Willful sin is presumption rebellion against God (Psalm 19:13). It is a sin committed when a person knows that he is doing wrong. Therefore, the sacrificial system provided no atonement for deliberate opposition to the will and commands of God.
Paul teaches, “For if we sin willfully after we have received the knowledge of the truth, there no longer remains a sacrifice for sins” (Hebrews 10:26). Willful sin is not a single act of sin committed in the full knowledge of their evil character but the attitude of mind that is shown when a person persistently rejects Christ and doesn’t submit to the convictions of the Holy Spirit. It is a reversal of the original decision to accept the Lord. It is premeditated apostasy that leads to the unpardonable sin (Matthew 12:31, 32).

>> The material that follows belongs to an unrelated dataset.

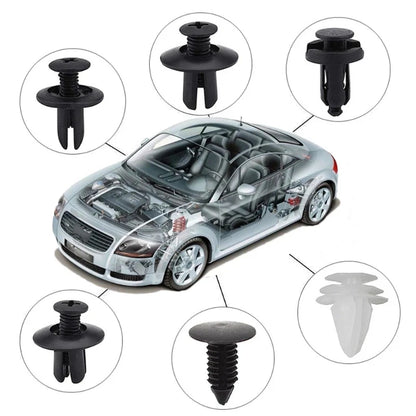 GM Rivet OPP Bag Or Box 6 Kinds of Auto Parts Quick Fastening Plastic Buckle 100 Pieces Mixed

Peter writes about those that commit willful sin, “if they have escaped the corruption of the world by knowing our Lord and Savior Jesus Christ and are again entangled in it and are overcome, they are worse off at the end than they were at the beginning. It would have been better for them not to have known the way of righteousness, than to have known it and then to turn their backs on the sacred command that was passed on to them” (2 Peter 2:20-21).
Therefore, Paul admonishes the believers to avoid the evil path that leads to willful sin, “So I tell you this, and insist on it in the Lord, that you must no longer live as the Gentiles do, in the futility of their thinking” (Ephesians 4:17-19 also Acts 3:17-19; Acts 17:30-31)
God’s Forgiveness to Repentant
Sin can be forgiven if a person repents. “If we confess our sins, He is faithful and just to forgive us our sins and to cleanse us from all unrighteousness” (1 John 1:9). Faithfulness to forgive is one of God’s outstanding characteristics (1 Corinthians 1:9; 10:13; 1 Thessalonians 5:24; 2 Timothy 2:13; Hebrews 10:23)
Peter invites those that ignorantly sinned to change their evil ways, “And now, brothers, I know that you acted in ignorance, as did also your rulers. Repent therefore and be converted, that your sins may be blotted out, so that times of refreshing may come from the presence of the Lord” (Acts 3:17,19).
Repentance must accompany the prayer for forgiveness (Mark 1:15; Acts 2:38; 26:18). It means a change of mind and produces good works of righteous by the power of the Holy Spirit (Matthew 12:41; Mark 1:15; Luke 11:32; Acts 3:19; 26:20; Hebrews 12:17; Revelation 2:5; etc.). Repentance is the theme of the preaching of John the Baptist, of Jesus, and of the apostles (Matthew 3:2, 8, 11; 17; Mark 2:17; Acts 5:31; Romans 2:4; 2 Timothy 2:25).